- _Your instructions_
Make an exact copy of the records that follow, with each picture omitted.

(Records for this exercise)

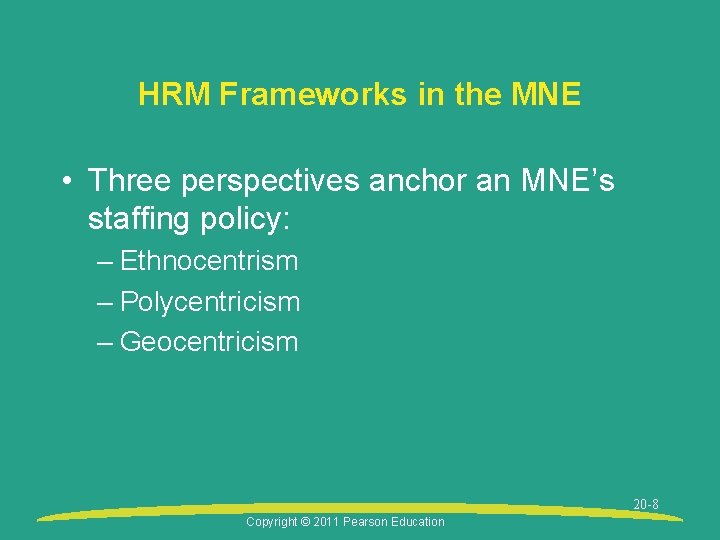 HRM Frameworks in the MNE • Three perspectives anchor an MNE’s staffing policy: –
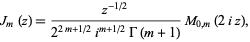  J_m(z)=(z^(-1/2))/(2^(2m+1/2)i^(m+1/2)Gamma(m+1))M_(0,m)(2iz), 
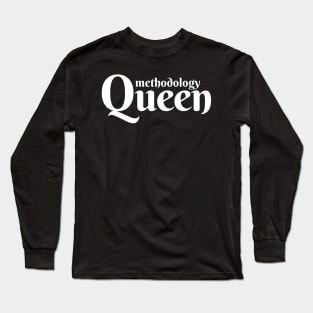 Methodology Queen Long Sleeve T-Shirt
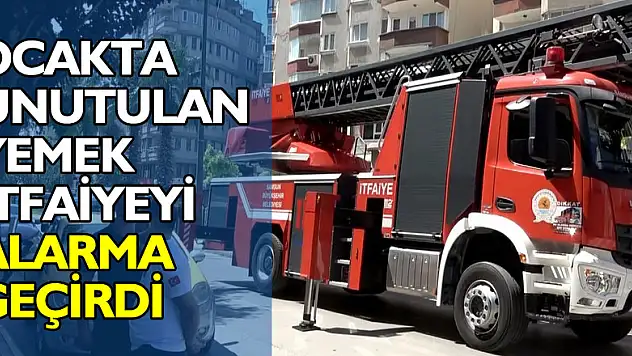 Ocakta unutulan yemek itfaiyeyi alarma geçirdi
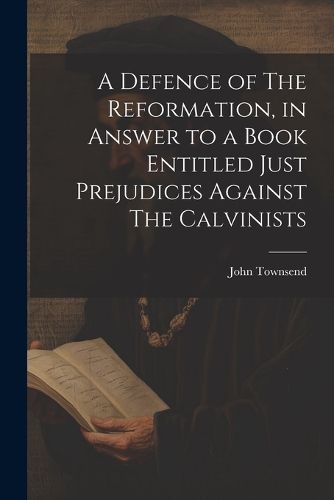 A Defence of The Reformation, in Answer to a Book Entitled Just Prejudices Against The Calvinists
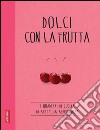 Dolci con la frutta: Quaderni di cucina. E-book. Formato PDF ebook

(End Records for this exercise)

- _Reply_
 HRM Frameworks in the MNE • Three perspectives anchor an MNE’s staffing policy: –
  J_m(z)=(z^(-1/2))/(2^(2m+1/2)i^(m+1/2)Gamma(m+1))M_(0,m)(2iz), 
 Methodology Queen Long Sleeve T-Shirt
 Ocakta unutulan yemek itfaiyeyi alarma geçirdi
 A Defence of The Reformation, in Answer to a Book Entitled Just Prejudices Against The Calvinists
 Dolci con la frutta: Quaderni di cucina. E-book. Formato PDF ebook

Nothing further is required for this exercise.